選択直後にボタンを押したときに古い値が取れる問題の対策
「コンボボックスの値を変更した直後に、他のセルに移動せず画面下の「データ取得」ボタンを押すと、変更前の古い値が取得されてしまう」という現象は、DataGridView のコンボボックス実装におけるよくある問題です。
DataGridView の標準仕様では、ドロップダウンから項目を選んだだけではデータが確定せず、「そのセルからフォーカスが離れた瞬間」に初めて値が書き換わる(確定する)ようになっています。
これを防ぎ、「設定した値をその場で確実に取得する」状態を作るのが、サンプルコード内に記述した CurrentCellDirtyStateChanged イベントです。
項目がクリックされてセルの状態が「変更された(Dirty)」になった瞬間に、コード側から dataGridView1.EndEdit() を呼び出して強制的に編集を確定させることで、ユーザーがセルの中に留まったままボタンを押しても、最新の選択値を取得できるようになります。
注意点
コンボボックス列から正しく値が取得できない場合、プログラムのバグではなく、データ側の「型の不一致」が原因であるケースが多いです。

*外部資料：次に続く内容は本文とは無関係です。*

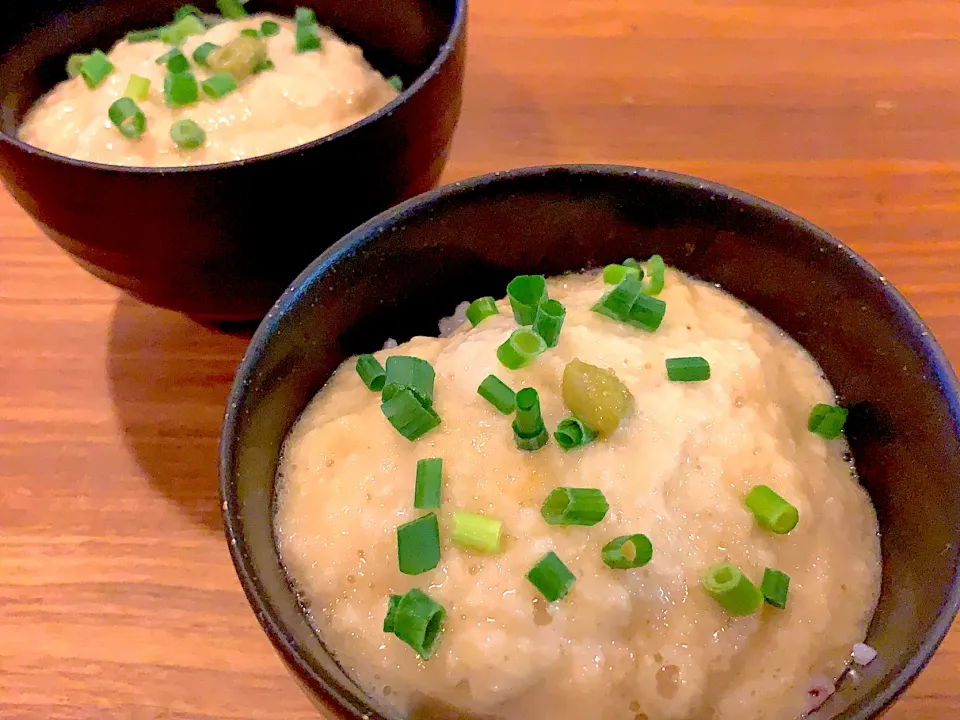 長芋のとろろご飯|ふくすけ食堂さん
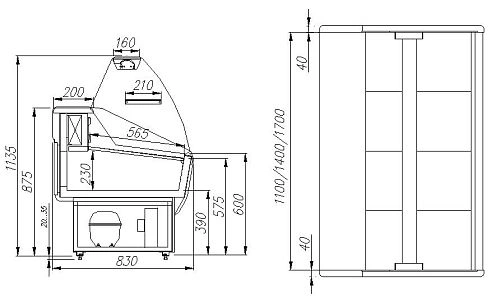 x7racs3lm8ex3l7adckjxhwybs0f4s06.webp Витрина холодильная CARBOMA G85 SM 1,5-1 (ВХС-1,5 ЭКО)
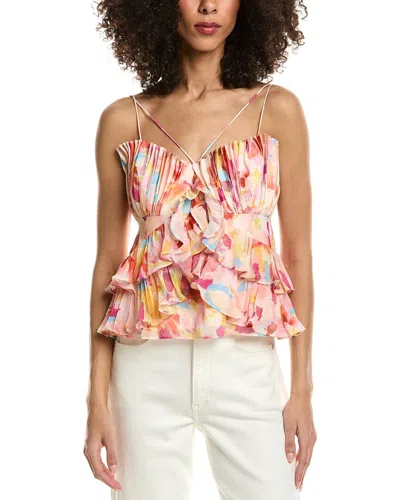 Amur Sandie Shell Top In Orange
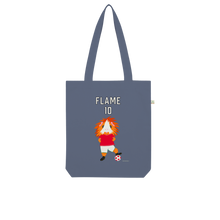 Load image into Gallery viewer, Tote Bag Organic - Flame the Footballer - Guinea Pig
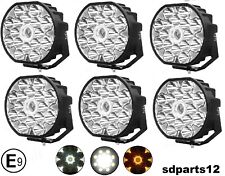 6 Phares de Travail LED Feux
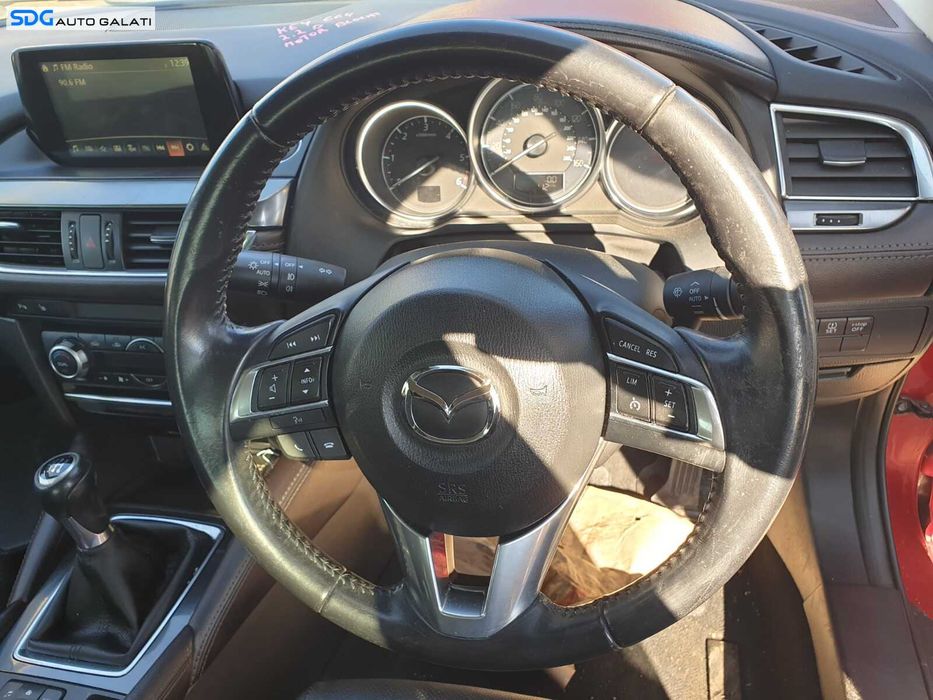 Volan 3 Spite Piele cu Comenzi Mazda 6 III GJ 2013 - 2018 [C9628]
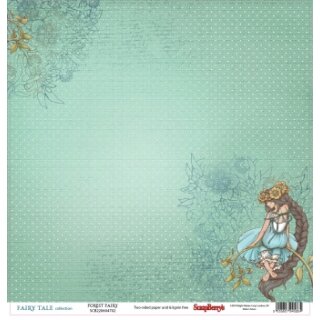 Scrapbooking Paper "Forest Fairy"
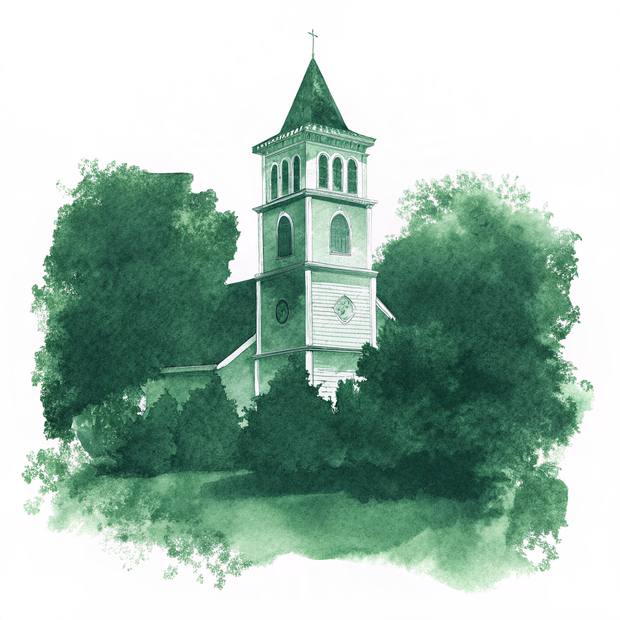 Mendocino watercolor
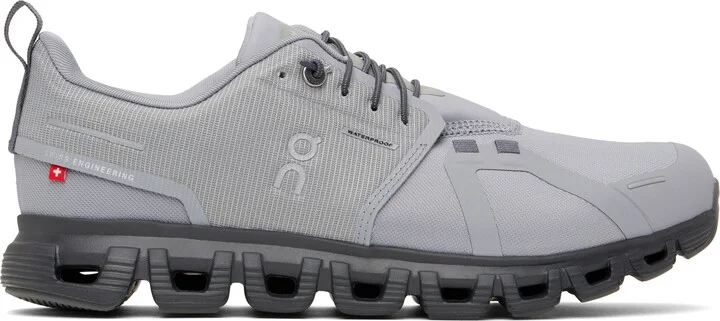 On Gray Cloud 6 WP Sneakers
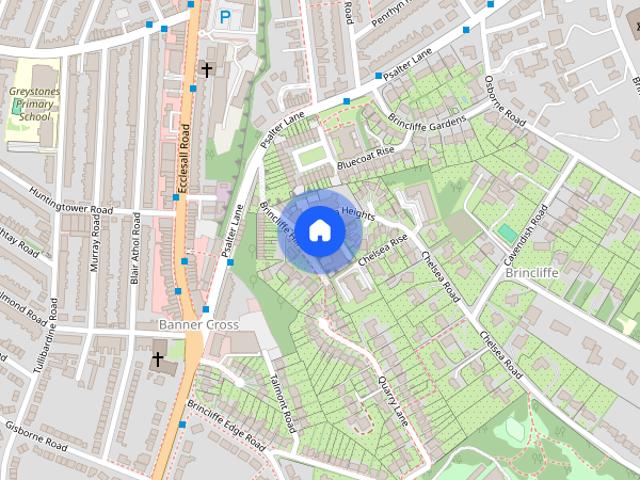Apartment for rent in Crosspool, South Yorkshire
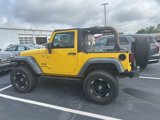 Used 2009 Jeep Wrangler X w/ 32" Tire & Wheel Group image 4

ValueMember と バインド先プロパティの「型」を一致させる
今回のサンプルでは、部署マスタの Code(ValueMember)も、社員モデルの DepartmentCode(バインド先)も、どちらも string 型 で統一しています。 もし、マスタのコードが int 型であるにもかかわらず、バインド先のプロパティが string 型になっていた場合、DataGridView 内部での型変換に失敗し、値が正常に取得できないだけでなく、画面に DataError イベントの警告ダイアログが表示されてしまう原因になります。必ず双方のデータ型を一致させてください。
まとめ
今回は、DataGridView にコンボボックス列を追加する方法と、選択された値を確実に取得するための実装パターンについて解説しました。
コンボボックス列から値を参照する際は、以下の2点を意識することが重要です。
ValueMemberに指定したプロパティの値(コードやID)が、セルのValueやバインド元モデルに書き込まれる。- 選択直後の取得漏れを防ぐために、
CurrentCellDirtyStateChangedイベントで即座にEndEdit()を行う。
今回の記事が、マスタ連動を伴う高度な業務アプリ画面を開発する際の参考になりましたら幸いです。